◆ **Information shown**:

********************

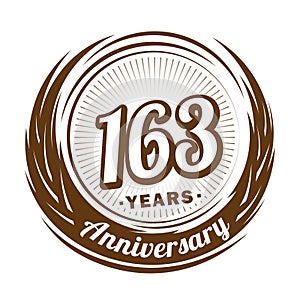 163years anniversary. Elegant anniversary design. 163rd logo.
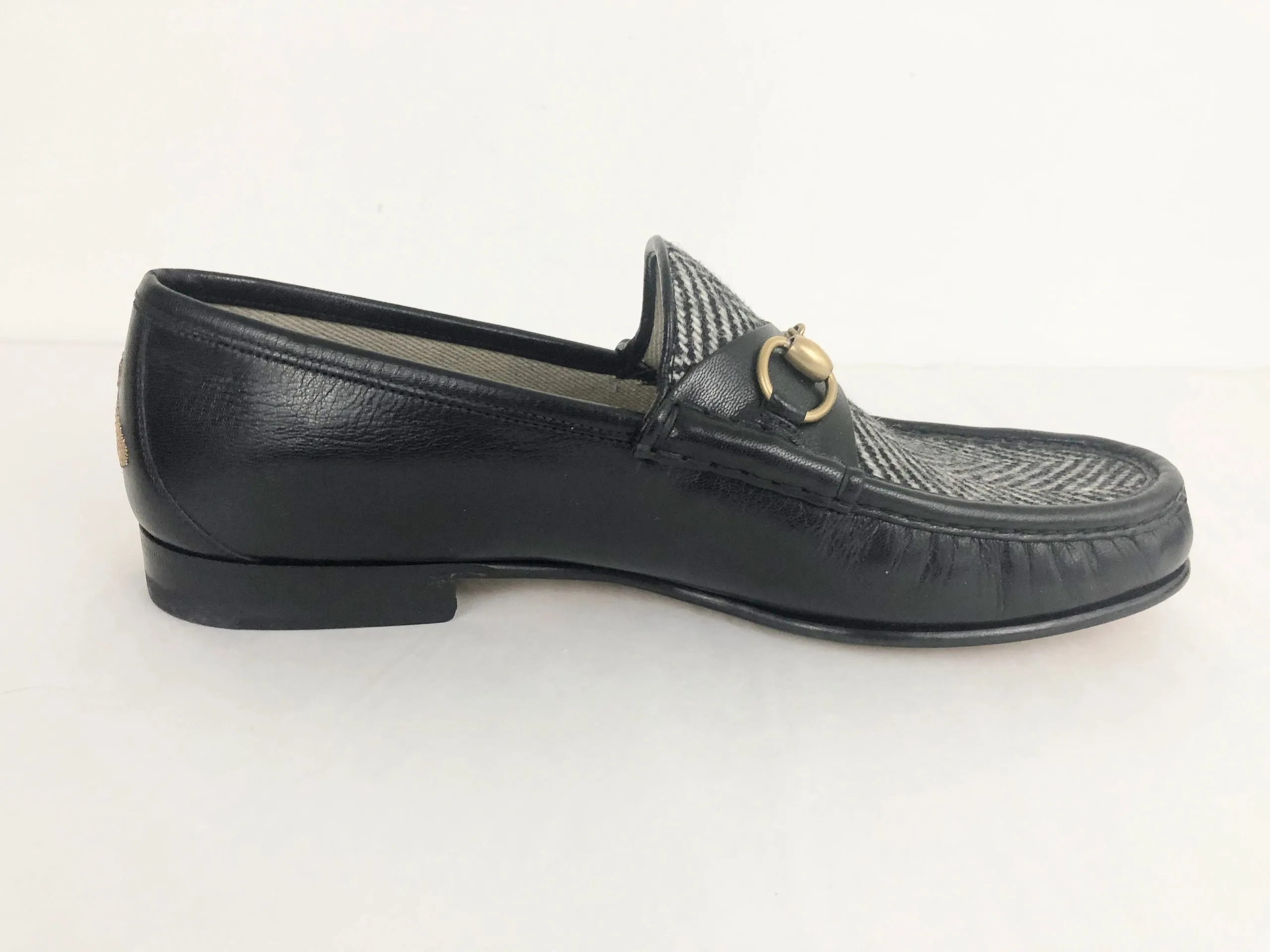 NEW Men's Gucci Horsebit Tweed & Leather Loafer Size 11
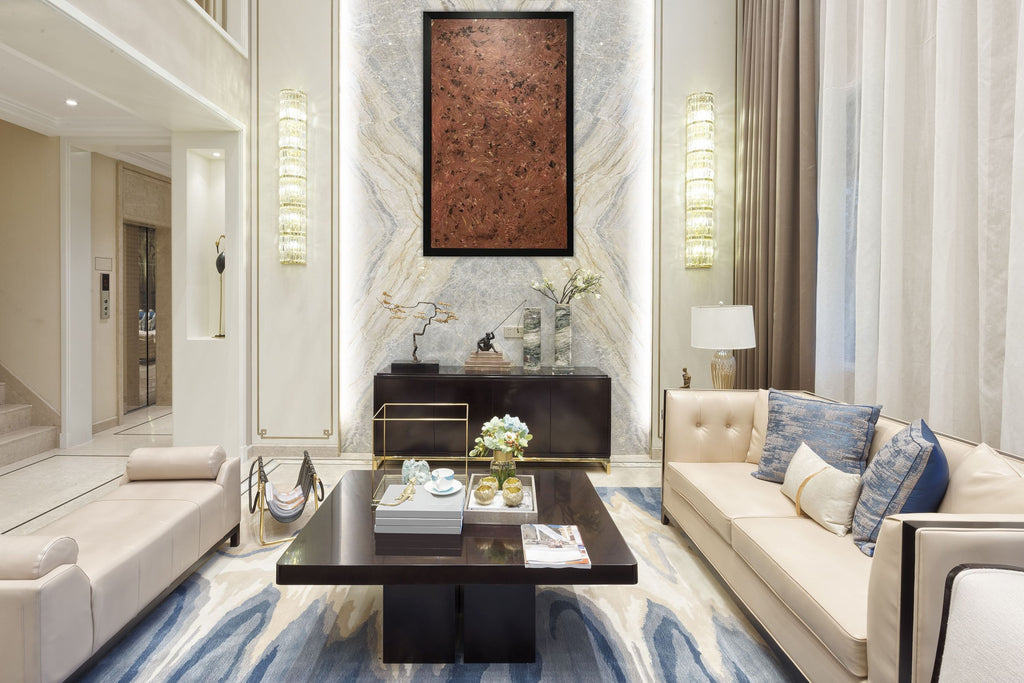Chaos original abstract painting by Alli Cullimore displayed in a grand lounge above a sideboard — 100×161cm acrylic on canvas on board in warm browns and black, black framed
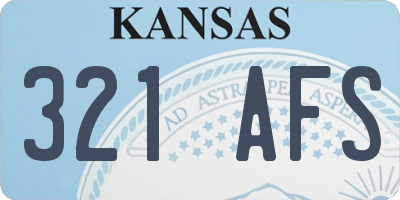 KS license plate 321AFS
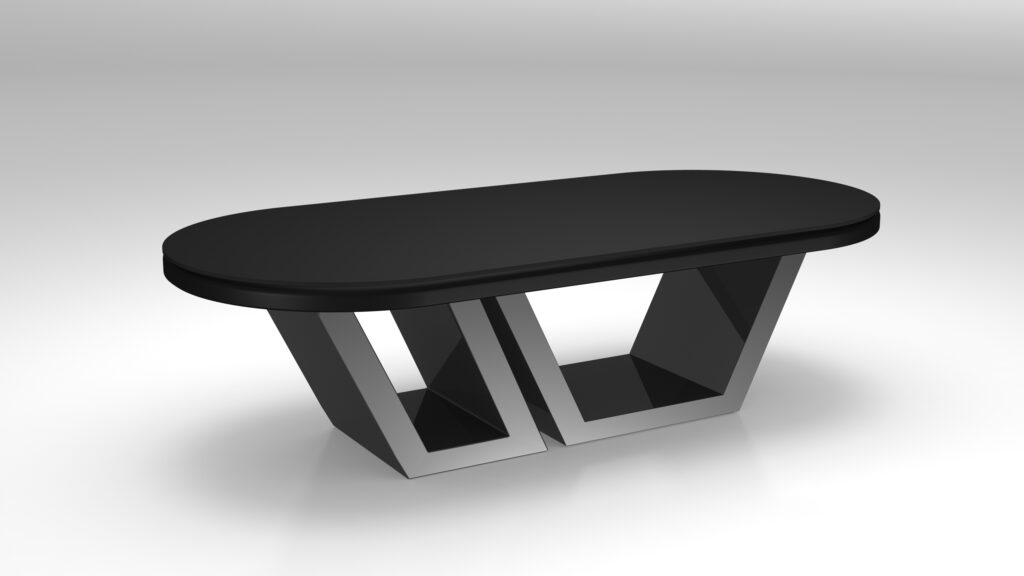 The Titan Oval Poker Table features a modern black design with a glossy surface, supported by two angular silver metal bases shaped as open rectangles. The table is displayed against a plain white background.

********************

◆ **The problem**: Copy verbatim the span that opens at the line with "Chaos original abstract" and closes at the final line of the listing. Do not carry over any pictures.

◆ **Answer to the exercise**:
Chaos original abstract painting by Alli Cullimore displayed in a grand lounge above a sideboard — 100×161cm acrylic on canvas on board in warm browns and black, black framed
 KS license plate 321AFS
 The Titan Oval Poker Table features a modern black design with a glossy surface, supported by two angular silver metal bases shaped as open rectangles. The table is displayed against a plain white background.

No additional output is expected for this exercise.